Wednesday, November 26, 2008

Old Documents

Catching up on my TiVo'd stuff, I was watching Bill Maher recently. During the program, there was a debate that was so simple and poignant I was surprised I never realized the silliness of an aspect of our government: the 2-seat Senate setup. Most democratic countries don't have a bicameral legislature, and those that do have both houses based on a proportion of their total populations (like we do in the House of Representatives). Clearly, this is a better system, because it means people are represented equally.

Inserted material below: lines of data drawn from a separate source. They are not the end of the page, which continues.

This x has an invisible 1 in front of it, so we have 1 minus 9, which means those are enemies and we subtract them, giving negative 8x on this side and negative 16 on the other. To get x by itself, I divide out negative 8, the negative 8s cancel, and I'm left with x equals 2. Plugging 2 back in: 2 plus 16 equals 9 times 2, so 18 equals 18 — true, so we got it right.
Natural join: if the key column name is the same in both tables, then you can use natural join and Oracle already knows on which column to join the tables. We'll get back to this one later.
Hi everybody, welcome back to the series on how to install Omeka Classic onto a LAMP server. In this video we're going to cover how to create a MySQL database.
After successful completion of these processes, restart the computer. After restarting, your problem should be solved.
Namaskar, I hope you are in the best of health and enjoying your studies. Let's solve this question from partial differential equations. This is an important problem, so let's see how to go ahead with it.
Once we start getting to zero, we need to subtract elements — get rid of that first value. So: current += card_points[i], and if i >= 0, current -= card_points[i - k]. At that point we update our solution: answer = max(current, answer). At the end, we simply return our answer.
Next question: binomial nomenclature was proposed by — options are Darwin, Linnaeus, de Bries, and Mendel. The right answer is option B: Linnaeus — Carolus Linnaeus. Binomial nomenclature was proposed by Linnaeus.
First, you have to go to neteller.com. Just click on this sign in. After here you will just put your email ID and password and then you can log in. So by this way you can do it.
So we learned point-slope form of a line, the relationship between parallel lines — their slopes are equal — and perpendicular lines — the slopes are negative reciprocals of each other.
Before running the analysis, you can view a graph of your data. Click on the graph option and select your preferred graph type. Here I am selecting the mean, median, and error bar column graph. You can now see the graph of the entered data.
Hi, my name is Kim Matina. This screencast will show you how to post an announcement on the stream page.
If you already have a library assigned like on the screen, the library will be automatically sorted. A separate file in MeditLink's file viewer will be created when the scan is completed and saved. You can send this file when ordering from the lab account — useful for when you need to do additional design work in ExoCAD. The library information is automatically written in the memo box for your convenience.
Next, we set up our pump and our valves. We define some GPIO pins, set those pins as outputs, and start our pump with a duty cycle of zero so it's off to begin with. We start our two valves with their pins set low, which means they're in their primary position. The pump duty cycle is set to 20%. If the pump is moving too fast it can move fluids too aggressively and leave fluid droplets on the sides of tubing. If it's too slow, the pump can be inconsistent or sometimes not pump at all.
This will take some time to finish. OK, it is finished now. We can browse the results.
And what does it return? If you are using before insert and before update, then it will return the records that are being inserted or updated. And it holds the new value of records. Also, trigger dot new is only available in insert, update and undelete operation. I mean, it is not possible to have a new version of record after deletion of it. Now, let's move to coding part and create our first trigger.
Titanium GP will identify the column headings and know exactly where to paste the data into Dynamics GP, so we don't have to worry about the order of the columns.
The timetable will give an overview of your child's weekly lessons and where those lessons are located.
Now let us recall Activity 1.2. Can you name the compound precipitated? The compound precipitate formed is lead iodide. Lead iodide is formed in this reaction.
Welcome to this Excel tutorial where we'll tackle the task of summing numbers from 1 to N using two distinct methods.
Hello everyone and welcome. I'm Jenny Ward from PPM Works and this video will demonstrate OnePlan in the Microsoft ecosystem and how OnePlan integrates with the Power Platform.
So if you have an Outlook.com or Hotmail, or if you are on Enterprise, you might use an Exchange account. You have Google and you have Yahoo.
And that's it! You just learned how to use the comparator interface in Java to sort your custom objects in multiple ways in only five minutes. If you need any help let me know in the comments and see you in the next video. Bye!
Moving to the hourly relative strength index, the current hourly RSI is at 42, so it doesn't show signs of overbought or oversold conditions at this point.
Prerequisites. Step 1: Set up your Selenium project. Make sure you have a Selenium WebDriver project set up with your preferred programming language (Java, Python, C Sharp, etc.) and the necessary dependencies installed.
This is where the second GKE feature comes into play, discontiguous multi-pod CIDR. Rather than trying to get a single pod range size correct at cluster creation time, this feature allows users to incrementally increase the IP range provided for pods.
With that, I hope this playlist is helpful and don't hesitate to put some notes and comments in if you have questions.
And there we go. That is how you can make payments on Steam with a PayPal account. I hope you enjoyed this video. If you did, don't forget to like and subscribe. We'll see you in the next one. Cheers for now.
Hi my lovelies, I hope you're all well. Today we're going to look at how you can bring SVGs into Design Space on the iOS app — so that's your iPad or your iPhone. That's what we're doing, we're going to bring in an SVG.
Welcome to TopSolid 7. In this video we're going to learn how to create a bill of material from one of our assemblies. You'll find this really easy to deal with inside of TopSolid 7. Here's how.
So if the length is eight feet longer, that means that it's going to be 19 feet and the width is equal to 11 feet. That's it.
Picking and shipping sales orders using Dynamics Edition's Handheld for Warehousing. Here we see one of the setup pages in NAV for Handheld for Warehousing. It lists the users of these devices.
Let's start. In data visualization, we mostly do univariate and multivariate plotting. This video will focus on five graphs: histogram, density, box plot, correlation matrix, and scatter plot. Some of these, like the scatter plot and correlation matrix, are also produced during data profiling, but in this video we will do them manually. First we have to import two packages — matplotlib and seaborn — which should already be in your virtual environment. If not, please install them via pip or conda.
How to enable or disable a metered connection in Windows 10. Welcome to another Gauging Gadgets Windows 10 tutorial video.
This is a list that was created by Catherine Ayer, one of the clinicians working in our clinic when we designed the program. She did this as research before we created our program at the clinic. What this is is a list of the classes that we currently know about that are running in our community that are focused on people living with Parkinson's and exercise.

Bill Maher brought it up amidst a discussion of other things, and his guest, Ileana Ros-Lehtinen (a Republican from Florida) offered no explanation. In fact, she seemed in agreement that the Senate's two people per state setup is backwards for a democracy, and I'm thinking very much the same way. I haven't researched why the Founders wanted it this way, but if the most senior female Republican Congresswoman and a liberal Libertarian are in agreement that it is stupid and antiquated, it must be stupid and antiquated, right?

This makes me think about the Electoral College, too. It's just plain stupid to have this winner-takes-all system where shadowy delegates decide whether we get a Republican or a Democrat, with no correlation to the popular vote. What's the point in voting then?!

And political parties - don't even get me started about them. They need to be gone already. Even Washington said that they're toxic in a democracy: what more proof do you need?

I love 90% of what's in the Constitution, but the stuff about political parties, the electoral college, and the Senate setup just needs to go. Why are we so in love with a document written over 200 years ago? It's just plain goofy to think old men from an old era knew everything. It's a damn shame we can't change what's in there, only add onto it with amendments (or, of course, repeal amendments).

Oh well. I guess I shouldn't be surprised. Al Gore can win the Nobel peace prize but he can't win our presidency.